Nach Rücksprache mit seinen Kollegen vom Bau geht der Ordnungsdezernent von einem Sachschaden in sechsstelliger Höhe aus. Bislang ist unklar, ob der durch das Feuer vernichtete Flügel des im Sommer 1937 eingeweihten und unter Denkmalschutz stehenden Waldhofbades abgerissen werden muss.

"Die Saison fällt komplett ins Wasser. Eigentlich hätte sie zu Himmelfahrt am 17. Mai beginnen sollen", sagt Ralf Schult. Auch der Leiter des städtischen Teams Badeanlagen hat in der Nacht ohnmächtig mit ansehen müssen, wie das Fachwerk ein Raub der Flammen wurde. Schult: "Die Fachfirmen haben im Moment alle Hände voll zu tun." Im Übrigen ist der bauliche Schaden nur die eine Seite. Hinzu kommen die Kosten für die vom Feuer vernichtete teure Technik. Ralf Schult: "Ein Filter kostet allein 40 000 bis 50 000 Euro."

"Wir müssen sehen, wie wir zu Geld kommen", ergänzt Volker Friedrich.
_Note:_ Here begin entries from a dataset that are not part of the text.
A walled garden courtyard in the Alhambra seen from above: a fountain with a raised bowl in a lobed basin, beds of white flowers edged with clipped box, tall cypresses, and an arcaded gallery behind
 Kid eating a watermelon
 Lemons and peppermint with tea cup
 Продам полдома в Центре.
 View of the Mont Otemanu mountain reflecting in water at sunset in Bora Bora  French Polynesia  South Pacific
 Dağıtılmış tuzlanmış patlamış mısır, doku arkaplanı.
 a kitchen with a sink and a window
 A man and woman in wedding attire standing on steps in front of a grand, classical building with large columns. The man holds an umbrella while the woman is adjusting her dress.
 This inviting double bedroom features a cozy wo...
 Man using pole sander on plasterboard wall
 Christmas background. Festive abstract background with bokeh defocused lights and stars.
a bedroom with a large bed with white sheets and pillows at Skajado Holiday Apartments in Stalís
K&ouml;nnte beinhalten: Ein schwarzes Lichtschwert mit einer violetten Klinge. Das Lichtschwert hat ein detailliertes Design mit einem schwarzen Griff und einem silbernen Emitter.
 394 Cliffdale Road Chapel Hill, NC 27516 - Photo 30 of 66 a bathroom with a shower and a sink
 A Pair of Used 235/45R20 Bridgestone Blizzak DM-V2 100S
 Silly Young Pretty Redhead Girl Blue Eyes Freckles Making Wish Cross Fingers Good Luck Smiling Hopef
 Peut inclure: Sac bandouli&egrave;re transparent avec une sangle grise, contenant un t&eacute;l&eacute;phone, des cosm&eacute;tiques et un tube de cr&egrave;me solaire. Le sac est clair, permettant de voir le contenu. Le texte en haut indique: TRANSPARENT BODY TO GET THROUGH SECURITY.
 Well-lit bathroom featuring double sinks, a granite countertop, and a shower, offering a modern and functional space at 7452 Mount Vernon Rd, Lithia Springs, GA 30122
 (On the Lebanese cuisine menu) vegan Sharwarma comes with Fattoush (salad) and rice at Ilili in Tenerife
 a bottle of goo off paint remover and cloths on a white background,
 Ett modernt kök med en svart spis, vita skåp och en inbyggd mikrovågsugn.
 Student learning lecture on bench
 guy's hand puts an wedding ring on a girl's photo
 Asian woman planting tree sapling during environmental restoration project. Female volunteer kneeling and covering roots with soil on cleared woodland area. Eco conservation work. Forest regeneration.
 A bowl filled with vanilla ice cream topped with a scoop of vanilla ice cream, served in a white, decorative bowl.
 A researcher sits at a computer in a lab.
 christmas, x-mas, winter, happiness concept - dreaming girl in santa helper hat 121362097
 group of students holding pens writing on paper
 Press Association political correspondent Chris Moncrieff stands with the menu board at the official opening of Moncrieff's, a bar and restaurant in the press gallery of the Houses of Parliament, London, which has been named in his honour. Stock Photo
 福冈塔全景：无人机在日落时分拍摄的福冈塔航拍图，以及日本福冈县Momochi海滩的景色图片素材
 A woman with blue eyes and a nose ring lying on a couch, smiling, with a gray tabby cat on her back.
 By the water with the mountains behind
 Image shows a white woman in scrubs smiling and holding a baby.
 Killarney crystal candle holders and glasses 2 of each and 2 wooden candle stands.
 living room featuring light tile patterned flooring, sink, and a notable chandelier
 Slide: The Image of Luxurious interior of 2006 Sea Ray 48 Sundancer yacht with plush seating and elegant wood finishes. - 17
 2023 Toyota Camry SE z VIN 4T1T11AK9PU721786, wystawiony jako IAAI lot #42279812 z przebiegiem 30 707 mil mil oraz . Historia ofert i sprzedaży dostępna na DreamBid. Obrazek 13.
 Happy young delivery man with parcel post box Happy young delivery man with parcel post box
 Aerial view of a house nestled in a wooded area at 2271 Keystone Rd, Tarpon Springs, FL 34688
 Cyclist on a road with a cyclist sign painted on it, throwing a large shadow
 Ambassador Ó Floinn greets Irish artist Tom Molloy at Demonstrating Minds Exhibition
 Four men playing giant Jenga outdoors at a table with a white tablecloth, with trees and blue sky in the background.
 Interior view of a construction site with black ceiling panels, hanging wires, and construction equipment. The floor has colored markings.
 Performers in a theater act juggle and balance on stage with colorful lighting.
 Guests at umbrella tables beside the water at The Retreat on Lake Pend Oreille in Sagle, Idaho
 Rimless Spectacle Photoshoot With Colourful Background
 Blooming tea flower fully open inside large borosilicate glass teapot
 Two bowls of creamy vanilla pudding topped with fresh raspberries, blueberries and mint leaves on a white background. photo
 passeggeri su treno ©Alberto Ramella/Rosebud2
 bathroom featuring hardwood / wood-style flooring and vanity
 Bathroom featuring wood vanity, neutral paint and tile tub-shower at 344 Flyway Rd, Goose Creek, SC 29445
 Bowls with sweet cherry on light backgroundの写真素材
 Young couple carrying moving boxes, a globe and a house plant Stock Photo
Dann gilt es, unter anderem Ausschreibungsfristen einzuhalten. Zudem ist völlig offen, ob und wann die Versicherung zahlt. Wenn alles ohne Zeitverzögerung läuft, dann könnten die Arbeiten frühestens im September beginnen.

Noch am Nachmittag tasten sich Feuerwehrleute und Ursachenermittler der Kriminalpolizei durch den Schutt. Inzwischen steht auch fest, dass die an das Gelände angrenzende Holtemme nicht durch Löschwasser verunreinigt worden ist. Kreis-Umweltamtsleiterin Christine Werner war selbst vor Ort. Aus ihrer Sicht verlief die Zusammenarbeit mit Polizei und Feuerwehr ebenfalls "problemlos und gut".

Kurz nach 16 Uhr erfährt der Fall eine jähe Wendung. Laut Volker Friedrich haben die Brandursachenermittler "ziemlich eindeutig" die Elektroanlage als Ursache für das Feuer eingrenzen können. Der Ordnungsdezernent: "Sie halten einen Blitzschlag für sehr wahrscheinlich."